# Paratilapia polleni setting up to spawn



## notho2000 (Dec 8, 2012)

A three years old pair of Paratilapia polleni have staked out a small territory beside a rock and backed by a chunk of driftwood. They are keeping other tank inhabitants away from the area, and are looking like they "mean business".


----------



## KingPiccolo SB (Oct 12, 2012)

Have you managed to spawn them before this?

I have a pair that the male has been trying to spawn for a month or so he occasionally vibrates all over the female but she doesn't pay much attention to him.


----------



## notho2000 (Dec 8, 2012)

KingPiccolo SB said:


> Have you managed to spawn them before this?
> 
> I have a pair that the male has been trying to spawn for a month or so he occasionally vibrates all over the female but she doesn't pay much attention to him.

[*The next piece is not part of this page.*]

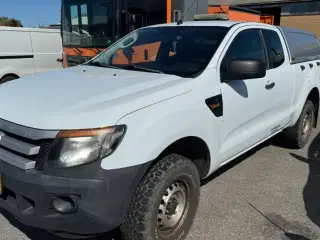 Ford Ranger 2.2 Tdci Rab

Yes, I've had them spawn two or three times that I know of. I just kept fry from one spawn. Here's a pic of the pair with their fry.


----------



## KingPiccolo SB (Oct 12, 2012)

That's a great picture and the parents are really nice fish, these are my favorite cichlid of any that i've kept. I hope my spawn.


----------



## notho2000 (Dec 8, 2012)

Thanks. I hope your pair comes through for you. :thumb:


----------